PALU, MERCUSUAR – Pertumbuhan ekonomi Sulteng  pada triwulan I 2018 mengalami peningkatan dibanding periode yang sama tahun lalu. Pertumbuhan ekonomi tercatat 6,62% (yoy), jauh lebih tinggi dibanding pertumbuhan triwulan I 2017 yakni 3,97% (yoy).  Demikian diungkapkan Kepala Perwakilan Bank Indonesia (BI) Sulteng dalam keterangan pers terkait Kajian Ekonomi dan Keuangan Regional (KEKR) Mei 2018  di Hotel Santika Palu, Kamis (31/5/2018).
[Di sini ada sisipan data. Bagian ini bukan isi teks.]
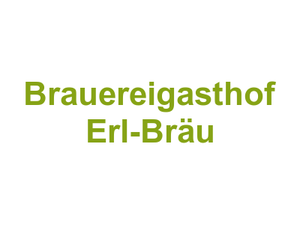 Brauereigasthof Erl-Bräu Logo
Pertumbuhan ekonomi Sulteng tersebut juga lebih tinggi dari pertumbuhan ekonomi nasional 5,06% (yoy). Namun, jika dibandingkan dengan capaian pertumbuhan 9,15% (yoy) pada triwulan sebelumnya, terlihat sedikit mengalami perlambatan. Kepala Perwakilan BI Sulteng, Miyono menjelaskan, perlambatan pertumbuhan ekonomi ini sesuai dengan polanya selama ini, yang dikarenakan adanya penurunan konsumsi di setiap awal tahun bila dibandingkan dengan akhir tahun. Dalam konteks Sulteng, penurunan konsumsi pemerintah daerah di awal tahun yang mengakibatkan belum maksimalnya pendapatan, berdampak pada sektor swasta, sehingga konsumsi rumah tangga atau masyarakat di awal tahun terindikasi juga menurun. “Hal ini tercermin dari penurunan Indeks Keyakinan Konsumsi (IKK) ke level 123,17 pada Maret 2018 dari Desember 2017 sebesar 137,” jelasnya. Namun, di tengah menurunnya konsumsi, Sulteng masih berhasil mecatatatkan angka pertumbuhan investasi dan ekspor yang relatif tinggi, seiring dengan kecederungan membaiknya harga komoditas andalan Sulteng di pasar internasional seperti nikel, stainless steel dan LNG.

MASIH DITOPANG DUA SEKTOR

Dari Sisi lapangan usaha, sektor pertambangan dan penggalian masih menjadi kontributor utama pertumbuhan Sulteng. Pertumbuhan sektor pertambangan dan penggalian mencapai 15,43 persen yang tertinggi di antara sektor lainnya selama triwulan I 2018. Terjaganya permintaan dari negara mitra dagang atas LNG dan komoditas nikel beserta turunananya, berdampak positif pada kinerja sektor pertambangan dan penggalian sebagai pemasok bahan baku, sehingga memberi kontribusi pada pertumbuhan ekonomi yang tinggi.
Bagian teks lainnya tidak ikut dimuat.